### Problem to solve
Below are records; please set down exactly the lines from the first through the one containing "Foto del edificio - 2222 S Santa Fe St".

### Material for this exercise
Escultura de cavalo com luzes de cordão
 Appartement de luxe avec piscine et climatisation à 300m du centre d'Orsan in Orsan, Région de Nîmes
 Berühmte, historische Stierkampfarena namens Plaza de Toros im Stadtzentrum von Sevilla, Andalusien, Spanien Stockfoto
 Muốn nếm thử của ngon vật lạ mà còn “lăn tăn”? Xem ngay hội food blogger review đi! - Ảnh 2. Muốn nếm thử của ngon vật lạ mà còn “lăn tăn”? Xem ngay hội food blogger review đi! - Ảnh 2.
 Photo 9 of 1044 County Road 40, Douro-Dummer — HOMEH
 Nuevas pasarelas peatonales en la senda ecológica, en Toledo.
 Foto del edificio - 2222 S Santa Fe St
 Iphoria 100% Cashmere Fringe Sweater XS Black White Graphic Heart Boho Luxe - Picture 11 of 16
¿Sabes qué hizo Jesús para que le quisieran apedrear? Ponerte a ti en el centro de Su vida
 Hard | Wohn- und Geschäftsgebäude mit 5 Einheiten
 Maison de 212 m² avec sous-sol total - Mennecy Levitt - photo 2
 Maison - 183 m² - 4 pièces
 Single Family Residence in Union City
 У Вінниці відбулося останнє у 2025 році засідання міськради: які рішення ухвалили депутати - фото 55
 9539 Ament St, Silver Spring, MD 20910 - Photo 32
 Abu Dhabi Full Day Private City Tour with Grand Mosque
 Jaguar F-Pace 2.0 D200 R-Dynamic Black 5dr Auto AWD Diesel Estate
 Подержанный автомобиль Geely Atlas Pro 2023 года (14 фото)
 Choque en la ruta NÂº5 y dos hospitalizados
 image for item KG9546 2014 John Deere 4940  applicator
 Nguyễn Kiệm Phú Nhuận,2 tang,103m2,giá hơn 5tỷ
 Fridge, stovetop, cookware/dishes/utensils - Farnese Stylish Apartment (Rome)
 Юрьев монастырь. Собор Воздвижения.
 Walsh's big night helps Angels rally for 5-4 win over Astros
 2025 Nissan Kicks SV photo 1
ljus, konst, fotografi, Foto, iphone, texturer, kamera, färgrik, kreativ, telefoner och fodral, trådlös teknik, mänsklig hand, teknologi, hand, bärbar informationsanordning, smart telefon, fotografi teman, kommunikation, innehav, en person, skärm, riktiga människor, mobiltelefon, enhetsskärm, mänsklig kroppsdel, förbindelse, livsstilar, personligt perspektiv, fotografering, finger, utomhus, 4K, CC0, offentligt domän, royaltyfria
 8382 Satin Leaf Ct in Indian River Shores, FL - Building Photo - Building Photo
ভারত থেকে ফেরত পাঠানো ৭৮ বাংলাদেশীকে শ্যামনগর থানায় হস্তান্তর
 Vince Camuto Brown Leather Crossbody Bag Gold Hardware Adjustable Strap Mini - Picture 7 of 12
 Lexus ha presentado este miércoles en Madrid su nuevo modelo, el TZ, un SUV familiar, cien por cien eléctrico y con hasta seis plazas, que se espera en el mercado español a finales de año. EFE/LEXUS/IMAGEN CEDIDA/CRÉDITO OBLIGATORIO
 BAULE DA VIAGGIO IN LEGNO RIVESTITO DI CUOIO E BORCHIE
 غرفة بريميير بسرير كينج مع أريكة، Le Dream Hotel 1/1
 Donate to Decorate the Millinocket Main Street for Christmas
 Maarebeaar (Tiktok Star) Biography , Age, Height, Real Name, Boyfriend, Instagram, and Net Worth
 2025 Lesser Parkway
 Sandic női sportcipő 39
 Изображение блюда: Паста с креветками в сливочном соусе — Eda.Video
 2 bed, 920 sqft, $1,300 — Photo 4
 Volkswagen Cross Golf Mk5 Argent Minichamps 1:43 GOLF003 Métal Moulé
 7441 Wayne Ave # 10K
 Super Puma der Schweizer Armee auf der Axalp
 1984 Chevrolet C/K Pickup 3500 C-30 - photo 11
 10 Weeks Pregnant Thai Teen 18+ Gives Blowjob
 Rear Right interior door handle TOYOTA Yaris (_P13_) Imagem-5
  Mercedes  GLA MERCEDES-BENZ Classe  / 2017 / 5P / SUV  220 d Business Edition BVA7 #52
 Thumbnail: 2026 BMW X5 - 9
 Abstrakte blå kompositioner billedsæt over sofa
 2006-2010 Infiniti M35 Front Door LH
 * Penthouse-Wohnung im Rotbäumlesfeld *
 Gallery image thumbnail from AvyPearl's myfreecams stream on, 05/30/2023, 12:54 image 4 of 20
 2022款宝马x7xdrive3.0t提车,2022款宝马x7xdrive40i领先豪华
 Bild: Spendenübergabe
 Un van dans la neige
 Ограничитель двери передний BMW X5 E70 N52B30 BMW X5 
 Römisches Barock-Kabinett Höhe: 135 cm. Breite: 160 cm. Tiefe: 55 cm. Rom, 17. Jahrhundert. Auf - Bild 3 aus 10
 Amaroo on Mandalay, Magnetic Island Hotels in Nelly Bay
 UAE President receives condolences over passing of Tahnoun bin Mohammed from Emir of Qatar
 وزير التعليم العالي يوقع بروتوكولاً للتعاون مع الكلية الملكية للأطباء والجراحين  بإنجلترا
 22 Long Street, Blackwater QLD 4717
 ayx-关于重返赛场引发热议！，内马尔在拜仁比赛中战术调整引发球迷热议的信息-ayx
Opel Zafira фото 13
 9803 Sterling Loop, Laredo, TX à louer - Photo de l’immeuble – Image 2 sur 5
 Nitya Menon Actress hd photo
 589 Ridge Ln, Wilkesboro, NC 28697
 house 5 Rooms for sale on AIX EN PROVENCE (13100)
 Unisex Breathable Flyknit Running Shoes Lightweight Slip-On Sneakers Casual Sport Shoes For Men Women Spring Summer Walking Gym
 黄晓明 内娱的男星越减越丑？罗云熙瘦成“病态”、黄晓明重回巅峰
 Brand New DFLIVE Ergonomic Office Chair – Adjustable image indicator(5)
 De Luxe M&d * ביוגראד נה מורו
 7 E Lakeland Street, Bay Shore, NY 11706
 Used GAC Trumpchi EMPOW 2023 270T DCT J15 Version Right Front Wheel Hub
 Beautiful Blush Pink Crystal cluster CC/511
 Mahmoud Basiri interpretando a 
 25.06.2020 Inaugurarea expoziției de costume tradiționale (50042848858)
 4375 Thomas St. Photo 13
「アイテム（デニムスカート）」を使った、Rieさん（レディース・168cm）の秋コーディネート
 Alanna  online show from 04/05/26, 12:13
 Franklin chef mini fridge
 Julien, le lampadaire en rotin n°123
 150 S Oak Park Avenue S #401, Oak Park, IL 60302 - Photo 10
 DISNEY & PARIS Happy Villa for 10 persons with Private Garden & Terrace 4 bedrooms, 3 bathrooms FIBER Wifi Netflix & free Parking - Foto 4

### Response to this exercise
Escultura de cavalo com luzes de cordão
 Appartement de luxe avec piscine et climatisation à 300m du centre d'Orsan in Orsan, Région de Nîmes
 Berühmte, historische Stierkampfarena namens Plaza de Toros im Stadtzentrum von Sevilla, Andalusien, Spanien Stockfoto
 Muốn nếm thử của ngon vật lạ mà còn “lăn tăn”? Xem ngay hội food blogger review đi! - Ảnh 2. Muốn nếm thử của ngon vật lạ mà còn “lăn tăn”? Xem ngay hội food blogger review đi! - Ảnh 2.
 Photo 9 of 1044 County Road 40, Douro-Dummer — HOMEH
 Nuevas pasarelas peatonales en la senda ecológica, en Toledo.
 Foto del edificio - 2222 S Santa Fe St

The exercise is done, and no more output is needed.